{ on programming and the internets }


by Louis Brandy

Bugs of Doom (aka the Heisenbugs)

I think anyone who has programmed for any length of time has some stories to tell about the most ridiculous and convoluted bugs that they’ve ever encountered. Here’s my little hall of fame. Pretty much all of the most convoluted bugs have something in common: they are incredibly difficult to reproduce. In low level languages, this typically involves one of three issues: memory management, concurrency, or rarely a bug in something you should be trusting (your compiler, your OS, etc.). In higher level languages, the most convoluted bugs tend to happen when the auto-magic of your language hits some corner case and goes haywire.

The absolute worst of the worst are the heisenbugs. That is, the bugs that only happen when you aren’t looking for them. The harder you try to find them, the less reproducible they become. The very act of trying to debug them, makes them disappear.

Concurrency troubles

What happened: We created a live demonstration of our face detection and face tracking. We decided to stress test it and leave it running for awhile. It would dead lock after running for about 2 days.

How we attacked it: It was relatively simple to determine that a thread was crashing. The problem was altering the code in any meaningful way ended up making the bug irreproducible. You can imagine the pain in testing this, however, because it takes a good 4 to 5 days to decide the bug isn’t going to happen, and even then you aren’t sure.

What caused it: It ended up, no surprise, being a subtle race condition. We set up a thread-safe queue to have the mother process dump all the work to be done onto, and then had the worker threads reading off that queue. In our implementation, the queue could be connected to by worker threads, it would give them things to do, and be disconnected from once the worker thread was done. It would also clean itself up once all the connections died and there was nothing left on the queue.

Well, that last little bit is the root of the problem: the program crashed in the pathological condition when one of the threads was blocked in such a way that the other threads were all able to connect to the queue, process all of the data, and then disconnect. The queue would clean itself up, then, and the final thread would awake and try to connect to the now vanished queue. Crash.

The fallout: It probably took us an off-and-on three weeks to figure this one out. Most of that time was spent reproducing the original crash before we started looking seriously. Threading is no joke. Even simple implementations are wrought with potential problems. From that point on, we made some (obvious) rules regarding our threading constructions. First, we have a “prove this is too slow, first” approach to extra complexity (is there an off the shelf solution? Does an extremely simple solution work, first?).
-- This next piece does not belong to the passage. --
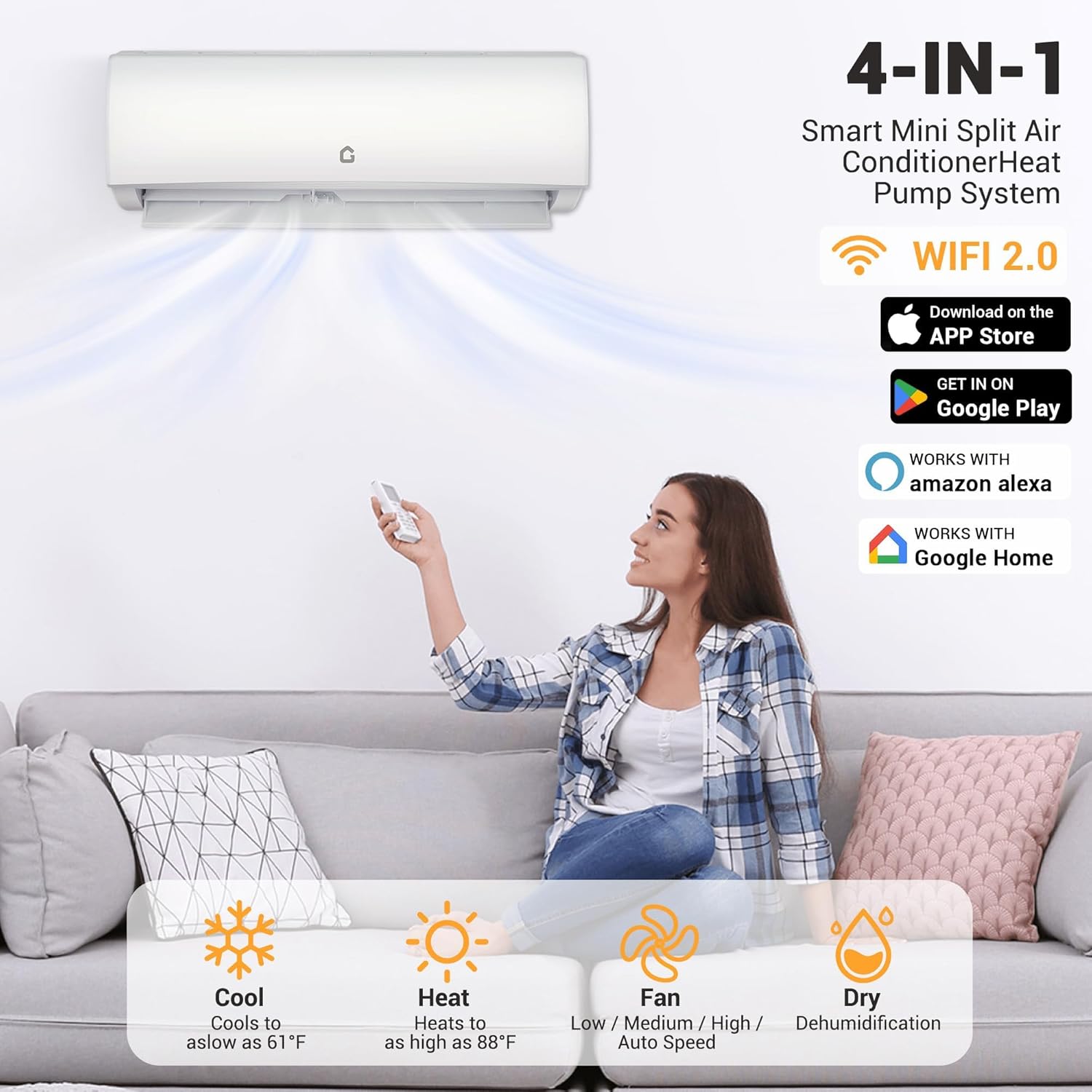 9000 BTU Mini Split AC & Heat Pump, 20 SEER2, 230v, Ductless Inverter Air Conditioner, WiFi Pre-Charged, Ultra Quiet, App & Voice Control, for 450 Sq.Ft. with Install Kit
Next, if you really need a customized synchronization method for performance reasons, you make it generic (so it can be reused) and you test it with extreme predjudice. We’ve built up a nice library of extremely well-tested thread-safe data structures for our use cases. We rarely have to write new ones, these days.

Memory, memory, memory

What happened: Again we decide to stress test an application and it seg-faulted after a few days.

How we attacked it: We turned off threading, and it ran for 2 weeks, no problems. We removed the assembly code (replacing it with our non-assembly versions) and it ran for 2 weeks, no problems. Sigh. Okay, now what? Was the assembly code bugged and trouncing out of bounds overwriting important information? Another race condition? Or some memory issues that only showed up in certain circumstances? It was the last one.

What caused it: I did. In order to maximize speed for SIMD assembly, you want your data structures to be aligned to cache-line boundaries. This typically means you want all of your primary data structures to start on addresses mod 16 = 0. In order to do this, I had created an aligned allocator. The assembly code was using the aligned allocator, while the non-assembly code defaulted to the normal allocator. As it turns out, you really shouldn’t use valloc() to get this kind of alignment. That was just boneheaded.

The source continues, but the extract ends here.